Spikes in user activity, millions more rows of mineable data and inflated revenue values.
On the surface, these all sound like good things. In more volatile fields like finance it’s rare but still plausible for an investment banker to approach a manager, say an investment’s returns increased by 5x overnight, and for the manager to not think anything of it.
If you say that to a data-minded executive, in their mind, your voice will fade and the only sound they’ll hear is alarm bells.
This kind of strange, out-of-nowhere variance in data has a name: Anomaly.

Companies with solid data infrastructure incorporate upstream and downstream checks for anomalies to ensure that the data that is delivered is clean, timely and, above all, accurate.
But such detection systems aren’t intelligent enough to just “know” how to spot an anomaly.
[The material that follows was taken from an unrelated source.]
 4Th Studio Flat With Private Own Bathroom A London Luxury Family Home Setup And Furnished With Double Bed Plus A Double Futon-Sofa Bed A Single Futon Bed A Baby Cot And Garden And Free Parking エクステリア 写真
These systems become more reliable as their underlying models are trained over time and on increasingly vast sources of data.
So if your model is unqualified for the job, who identifies, investigates and troubleshoots anomalies in newer data sources?
You.
For a newer data engineer, getting a message like “I don’t know what’s going on with this data” can be a bit intimidating, even if it’s something you partially or entirely built.
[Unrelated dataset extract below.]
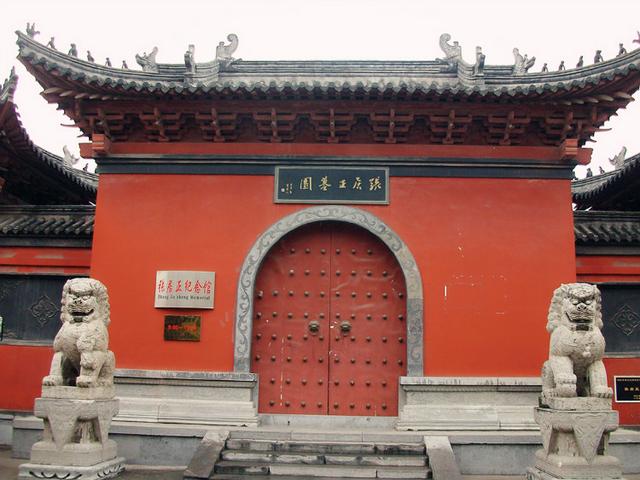 荆州菩提禅寺，与章华寺相比，为什么会感到它的清静呢？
Luckily, as you gain experience investigating data anomalies, you start repeatedly encountering the same “usual suspects.”

Usual Suspect #1: A Broken Pipeline
The good news is a broken pipeline is simultaneously the easiest and hardest suspect to catch.
The tricky part is that when I say “broken” pipeline, I’m not referring to a script that triggers errors.
That’s a different beast.
Remember:
Execution != functionality.
In my mind if a pipeline isn’t reliably fulfilling its intended function, it’s broken.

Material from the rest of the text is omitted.